Dataset entries:

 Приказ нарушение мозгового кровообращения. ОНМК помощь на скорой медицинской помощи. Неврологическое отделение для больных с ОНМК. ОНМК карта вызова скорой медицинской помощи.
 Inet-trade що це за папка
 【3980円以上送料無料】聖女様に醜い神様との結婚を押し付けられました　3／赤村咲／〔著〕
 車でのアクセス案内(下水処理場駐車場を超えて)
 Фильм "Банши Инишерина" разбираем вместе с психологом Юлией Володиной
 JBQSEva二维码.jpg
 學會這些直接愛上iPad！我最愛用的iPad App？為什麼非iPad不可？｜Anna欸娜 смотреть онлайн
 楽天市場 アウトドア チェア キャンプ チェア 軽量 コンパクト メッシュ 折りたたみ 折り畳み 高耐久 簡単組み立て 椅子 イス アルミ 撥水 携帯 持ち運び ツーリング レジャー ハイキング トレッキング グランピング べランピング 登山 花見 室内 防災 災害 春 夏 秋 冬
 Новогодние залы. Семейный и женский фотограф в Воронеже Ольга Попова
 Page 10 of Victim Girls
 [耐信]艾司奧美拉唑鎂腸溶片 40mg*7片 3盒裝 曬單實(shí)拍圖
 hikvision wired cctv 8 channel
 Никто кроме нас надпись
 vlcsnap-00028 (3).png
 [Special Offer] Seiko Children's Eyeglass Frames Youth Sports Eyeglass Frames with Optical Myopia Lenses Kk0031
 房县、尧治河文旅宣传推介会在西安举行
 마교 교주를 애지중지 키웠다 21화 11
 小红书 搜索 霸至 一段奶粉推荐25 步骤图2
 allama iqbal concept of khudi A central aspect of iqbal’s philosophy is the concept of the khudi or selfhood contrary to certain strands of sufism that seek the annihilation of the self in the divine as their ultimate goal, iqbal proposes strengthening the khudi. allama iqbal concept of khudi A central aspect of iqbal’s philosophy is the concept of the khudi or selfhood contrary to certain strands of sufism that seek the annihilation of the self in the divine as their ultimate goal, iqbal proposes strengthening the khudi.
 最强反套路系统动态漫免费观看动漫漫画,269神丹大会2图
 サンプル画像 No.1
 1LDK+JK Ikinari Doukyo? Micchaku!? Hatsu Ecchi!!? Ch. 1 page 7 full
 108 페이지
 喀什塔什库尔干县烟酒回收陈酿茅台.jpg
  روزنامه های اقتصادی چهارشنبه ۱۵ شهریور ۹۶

** Exercise details **
Every record must be given again exactly as it was written.

** Response box **
 Приказ нарушение мозгового кровообращения. ОНМК помощь на скорой медицинской помощи. Неврологическое отделение для больных с ОНМК. ОНМК карта вызова скорой медицинской помощи.
 Inet-trade що це за папка
 【3980円以上送料無料】聖女様に醜い神様との結婚を押し付けられました　3／赤村咲／〔著〕
 車でのアクセス案内(下水処理場駐車場を超えて)
 Фильм "Банши Инишерина" разбираем вместе с психологом Юлией Володиной
 JBQSEva二维码.jpg
 學會這些直接愛上iPad！我最愛用的iPad App？為什麼非iPad不可？｜Anna欸娜 смотреть онлайн
 楽天市場 アウトドア チェア キャンプ チェア 軽量 コンパクト メッシュ 折りたたみ 折り畳み 高耐久 簡単組み立て 椅子 イス アルミ 撥水 携帯 持ち運び ツーリング レジャー ハイキング トレッキング グランピング べランピング 登山 花見 室内 防災 災害 春 夏 秋 冬
 Новогодние залы. Семейный и женский фотограф в Воронеже Ольга Попова
 Page 10 of Victim Girls
 [耐信]艾司奧美拉唑鎂腸溶片 40mg*7片 3盒裝 曬單實(shí)拍圖
 hikvision wired cctv 8 channel
 Никто кроме нас надпись
 vlcsnap-00028 (3).png
 [Special Offer] Seiko Children's Eyeglass Frames Youth Sports Eyeglass Frames with Optical Myopia Lenses Kk0031
 房县、尧治河文旅宣传推介会在西安举行
 마교 교주를 애지중지 키웠다 21화 11
 小红书 搜索 霸至 一段奶粉推荐25 步骤图2
 allama iqbal concept of khudi A central aspect of iqbal’s philosophy is the concept of the khudi or selfhood contrary to certain strands of sufism that seek the annihilation of the self in the divine as their ultimate goal, iqbal proposes strengthening the khudi. allama iqbal concept of khudi A central aspect of iqbal’s philosophy is the concept of the khudi or selfhood contrary to certain strands of sufism that seek the annihilation of the self in the divine as their ultimate goal, iqbal proposes strengthening the khudi.
 最强反套路系统动态漫免费观看动漫漫画,269神丹大会2图
 サンプル画像 No.1
 1LDK+JK Ikinari Doukyo? Micchaku!? Hatsu Ecchi!!? Ch. 1 page 7 full
 108 페이지
 喀什塔什库尔干县烟酒回收陈酿茅台.jpg
  روزنامه های اقتصادی چهارشنبه ۱۵ شهریور ۹۶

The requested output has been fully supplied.